§ REQUIRED ACTION
Beginning with the line below that contains "The length of" and ending with the line that contains "Good afternoon, this", copy every line exactly. Copy nothing else.

§ AVAILABLE DATA

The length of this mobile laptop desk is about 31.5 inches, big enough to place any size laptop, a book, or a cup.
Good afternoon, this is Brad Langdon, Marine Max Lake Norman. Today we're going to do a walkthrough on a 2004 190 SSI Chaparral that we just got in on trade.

* * *

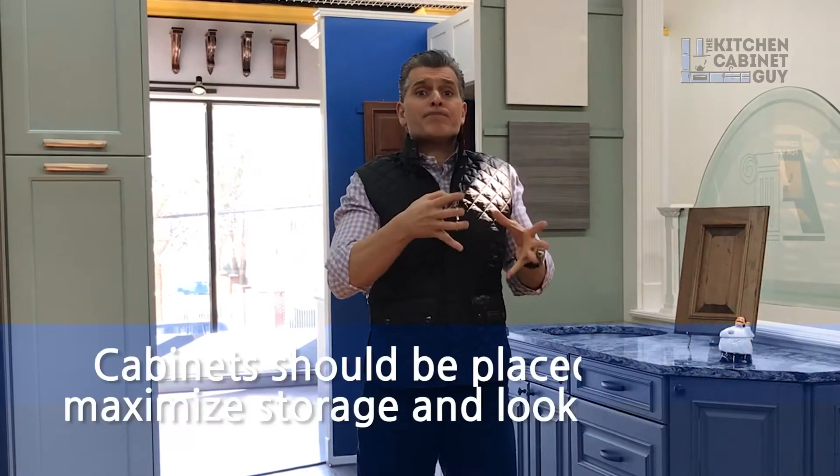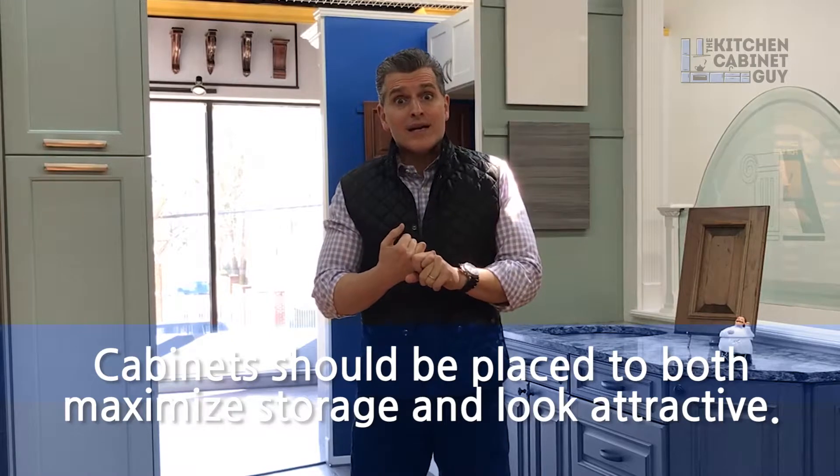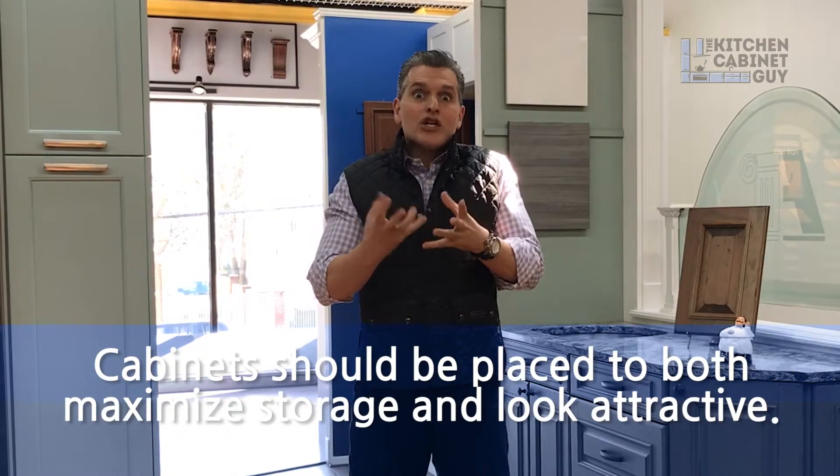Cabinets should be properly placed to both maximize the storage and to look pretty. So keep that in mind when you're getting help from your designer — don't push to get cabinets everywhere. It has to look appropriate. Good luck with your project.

§ RESPONSE
The length of this mobile laptop desk is about 31.5 inches, big enough to place any size laptop, a book, or a cup.
Good afternoon, this is Brad Langdon, Marine Max Lake Norman. Today we're going to do a walkthrough on a 2004 190 SSI Chaparral that we just got in on trade.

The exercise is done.